No image is to be carried over; reproduce the rest of the listing word for word.

INFORMATION SUPPLIED:
◇ ◇ ◇ ◇ ◇

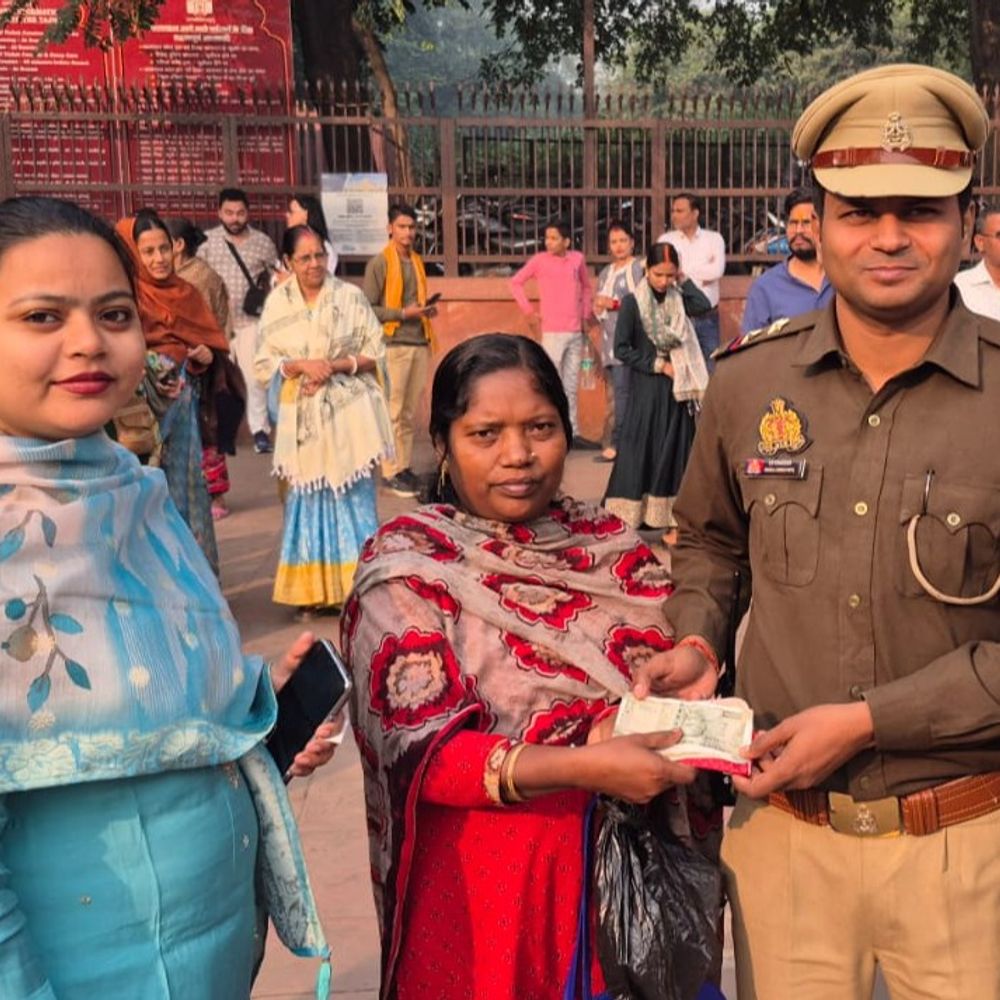 ताजमहल पर खोया पर्स, 25 मिनट में ढूंढा:  कोलकाता की महिला पर्यटक का पश्चिमी एंट्री पर गिर गया था पर्स – Agra News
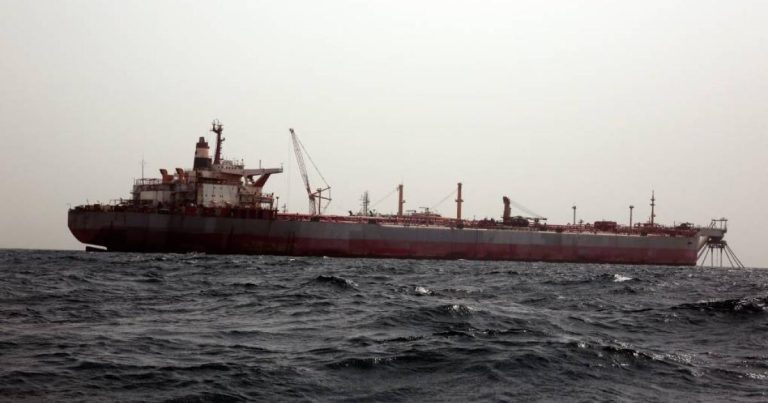 Φορτηγό πλοίο στην Ερυθρά Θάλασσα μετά από επίθεση.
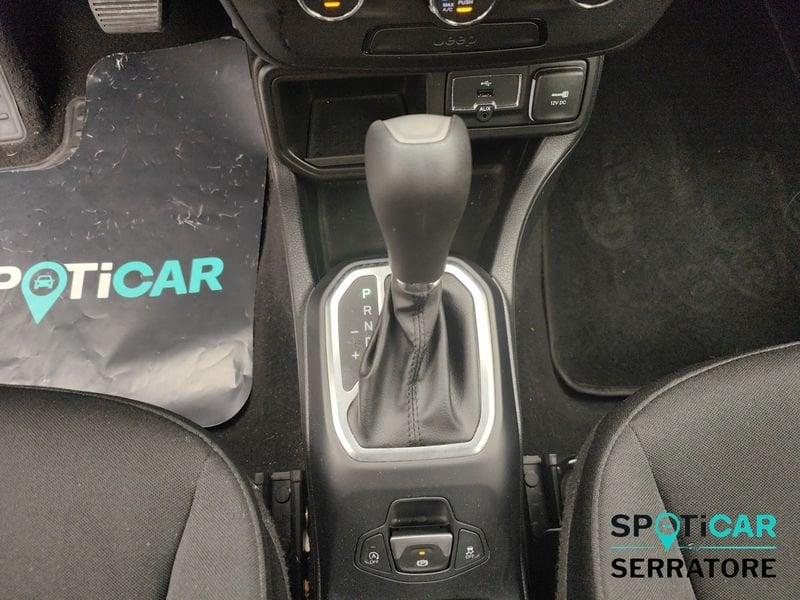 Jeep Renegade 2019 1.3 t4 Longitude 2wd 150cv ddct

◇ ◇ ◇ ◇ ◇

TASK RESPONSE:
 ताजमहल पर खोया पर्स, 25 मिनट में ढूंढा:  कोलकाता की महिला पर्यटक का पश्चिमी एंट्री पर गिर गया था पर्स – Agra News
 Φορτηγό πλοίο στην Ερυθρά Θάλασσα μετά από επίθεση.
 Jeep Renegade 2019 1.3 t4 Longitude 2wd 150cv ddct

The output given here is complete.